Entstehungsgeschichte des Films

erzählt von Hartmut Kaminski

April 1988. Noch steht die Mauer in Berlin, noch zerteilt der „Eiserne Vorhang" die Welt in eine kapitalistische und eine sozialistische Zone.

Glasnost und Perestroika sind noch frische Begriffe, in der Praxis noch ungeübt.

Der Westberliner Journalist Paul Kohl und ich fliegen nach Moskau: er mit seinem Manuskript „Ich wundere mich, dass ich noch lebe" im Gepäck und ich mit zwei meiner Filme: ,,Stumme Schreie" und „Die Kinder von Himmlerstadt", die sich mit dem deutschen Faschismus im besetzten Polen auseinandersetzen.

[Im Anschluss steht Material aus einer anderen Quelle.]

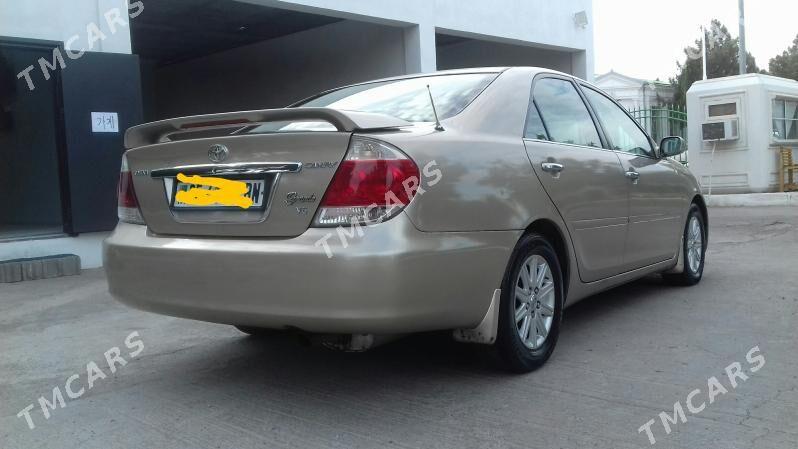 Toyota Camry 2005 - 180 000 TMT - Туркменбаши - img 3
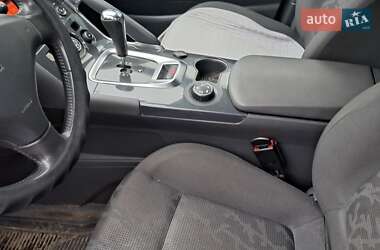 Внедорожник / Кроссовер Peugeot 3008 2013 в 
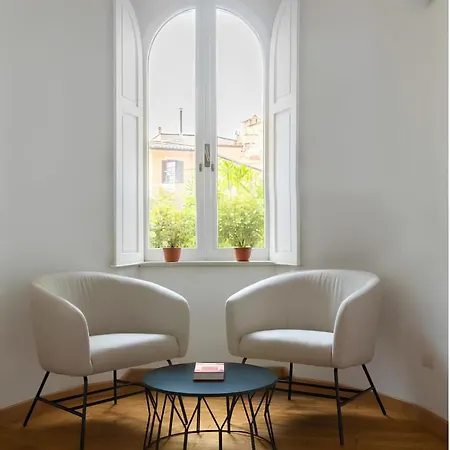 Apartament Historic 3br Colosseum 160sqm For 9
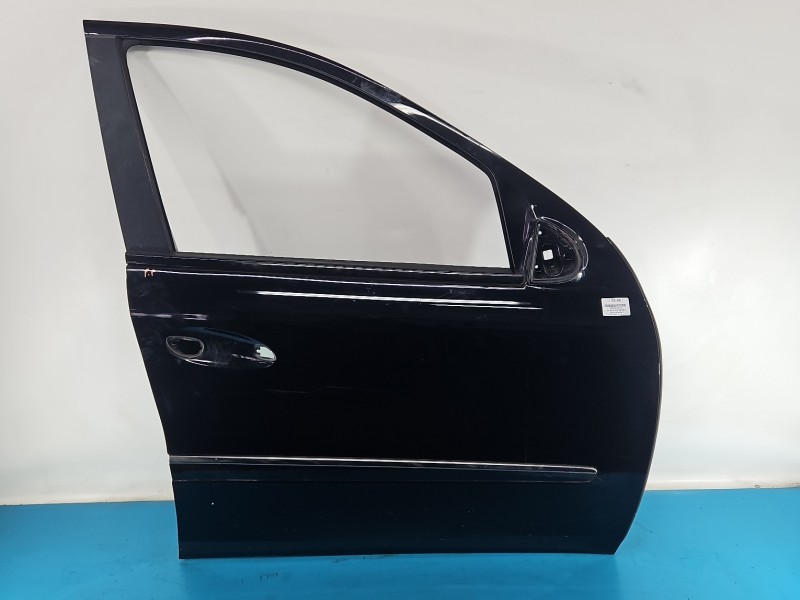 DRZWI PRZÓD PRAWE PASAŻERA Mercedes ML W164 5d C040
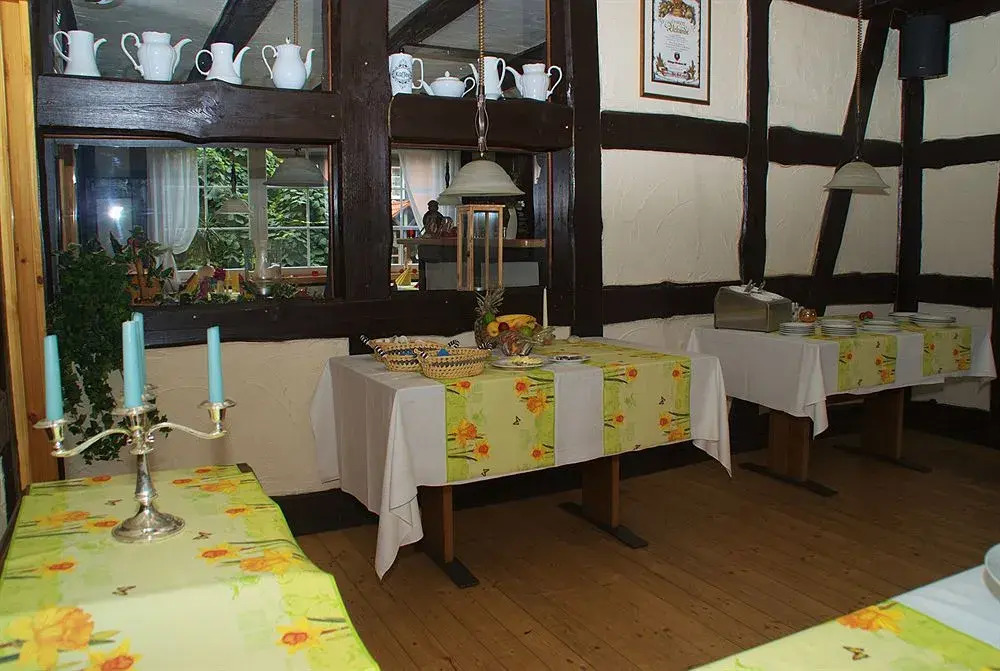 Landgasthof Lindhorst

So ausgerüstet, wollen wir den ,,Kampf am Verhandlungstisch" für eine Coproduktion mit dem Riesen APN (NOWOSTI) aufnehmen, der größten sowjetischen Presseagentur neben TASS. Der SWF hatte bereits signalisiert, dass er sich an einer sechsteiligen Fernsehserie über den Überfall auf die Sowjetunion beteiligen würde mit dem Titel: ,,Steh' auf, es ist Krieg!"  - mit diesen Worten wurden am 22. Juni 1941 die Menschen in der Sowjetunion geweckt.
Birgt das „Steh' auf!" nicht eine Doppelbedeutung in sich? War dies nicht auch eine Aufforderung zum Widerstand?

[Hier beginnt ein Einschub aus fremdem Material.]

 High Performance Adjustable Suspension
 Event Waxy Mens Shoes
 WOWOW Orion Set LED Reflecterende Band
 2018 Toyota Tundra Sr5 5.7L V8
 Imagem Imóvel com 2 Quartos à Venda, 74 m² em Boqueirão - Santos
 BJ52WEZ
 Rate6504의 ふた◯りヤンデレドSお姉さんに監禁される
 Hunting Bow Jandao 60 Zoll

Nach vier Verhandlungstagen mit ausführlichen Gesprächen und Sichtung meiner Filme gibt NOWOSTI-Chef Falin, der frühere Botschafter der UdSSR in Bonn, grünes Licht. Die Produktion der Fernsehserie kann starten.

In der Sowjetunion stößt unser Plan, einen Film über den ,,Großen Vaterländischen Krieg" (so wird der 2. Weltkrieg in der UdSSR genannt) zu drehen, auf größtes Interesse. Gleich nach unserem ersten Aufenthalt erscheint in der ISWESTIJA, der millionenauflagestarken Regierungszeitung, ein ganzseitiges Interview von Serge Guk mit uns, dazu ein großer Aufmacher auf der ersten Seite.

Zeigt dies, wie  wichtig die offizielle Seite der UdSSR unser Projekt nimmt, so sind wir doch über die Reaktionen der Leser erstaunt: Aus allen Republiken der Sowjetunion - sogar aus dem Ausland - treffen Briefe ein. Viele davon sind handgeschrieben, manche sogar 20, 30 Seiten lang. Kein Schreiben steht dem Vorhaben negativ gegenüber. Mir werden viele Leidensgeschichten mitgeteilt, Hilfe angeboten und Mut und Stärke gewünscht.

In einigen Briefen redet man mich vertraulich mit dem Vornamen an, bittet darum, dies tun zu dürfen, als Zeichen der Hochachtung vor einem Westdeutschen, der nun, nach fast 50 Jahren, in ihr Land kommt, um den Menschen, die unter seinen Landsleuten so viel zu leiden hatten, zuzuhören.

Im Juni beginnen wir mit einem kleinen, vierköpfigen Team: eine sechswöchige „Researchreise mit Drehelementen" plus drei Wochen Archivarbeit. Hauptziel dieser Reise ist es, möglichst viele Berichte von Zeugen auf Zelluloid zu bannen.

Die Zeit drängt: Die Menschen, die das damalige Geschehen miterlebten, sind nun alt und gebrechlich, verlieren die Erinnerung. Viele, die Paul Kohl noch zweieinhalb Jahre zuvor gesprochen hatte, sind schon gestorben. Trotzdem zwinge ich mich, behutsam vorzugehen, erst das Vertrauen der Augenzeugen zu gewinnen. Zu tief ist der Graben zwischen Opfern und Tätern, als deren Erbe ich mich fühle.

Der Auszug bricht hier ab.